Her: "Can I have a drink of your water?"

Me: "Did you have any gluten today?"

Her: "No."

Me: "Are you sure?"

Her: "No, I swear I didn't."

Me: "What did you have for lunch?"

Her: "A yogurt."

Me: "That's it?"

Her: "I wasn't very hungry."

I'm silently angry and scared. I don't know what the long term repercussions are of a person who has food allergies routinely eating things their body doesn't know how to break down and digest. I'm transported to a time where we didn't know what was wrong or why my children had some of the health problems they did. I'm pretty good at assessing health in others. Their eyes, skin, hair, teeth, nails, posture, mood, what they say and how they say it, the habits they have, how they treat others.

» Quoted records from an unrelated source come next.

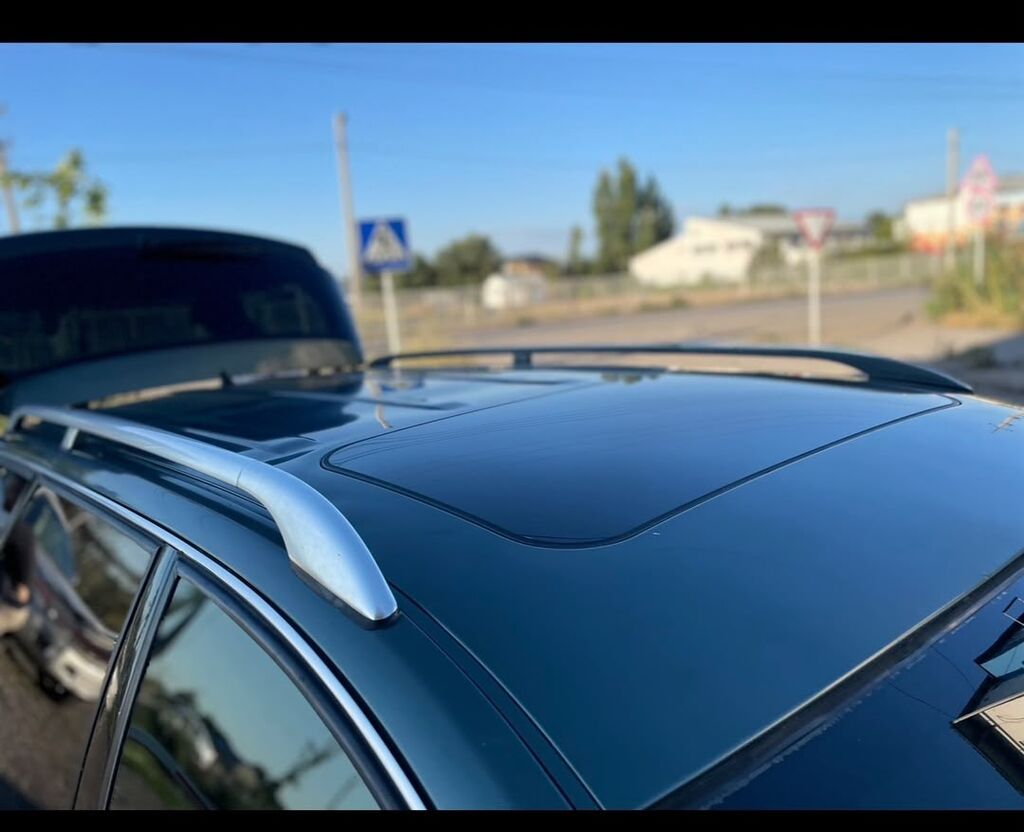 Audi Allroad: 2001 г., Автомат, Бензин, Универсал: фото 3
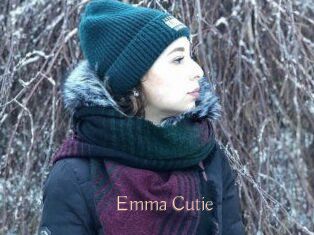 Emma_Cutie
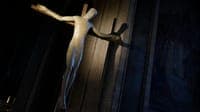 Sexual abuse in the church: victims to receive between 9,000 and 45,000 euros each
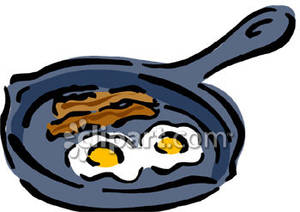 300x212 Cast Iron Clipart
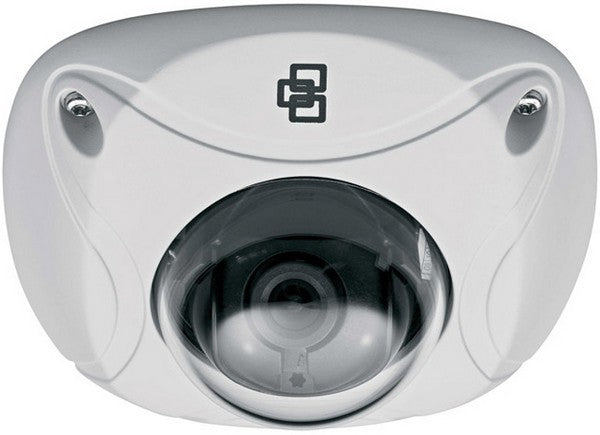 TruVision TVD-N210W-4-P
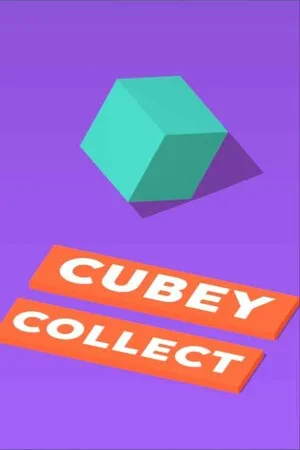CubeyCollect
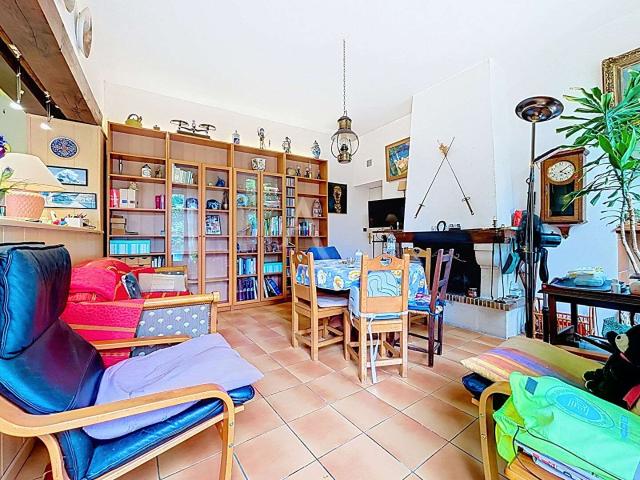 Vente maison 7 pièces Bouchemaine 49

Health is easy to spot and she doesn't have much of it. From the white spots in her nails to the lack of clarity in her eyes, her skin, and the dullness of her hair. It's a problem that I have no idea how to solve and it's one of the biggest things in my life that causes me a lot of grief, fear, anguish, and pain. It's easy for me to see how she should change for better health, then I take a look around at some of the things I'm doing on a regular basis and I can see why she has trouble motivating herself to take that harder, longer, more troublesome path.

***

Her: "How do you know?"

Me: "Intuition. It's my strongest and primary function."

Her: "How do you know it isn't just all in your head?"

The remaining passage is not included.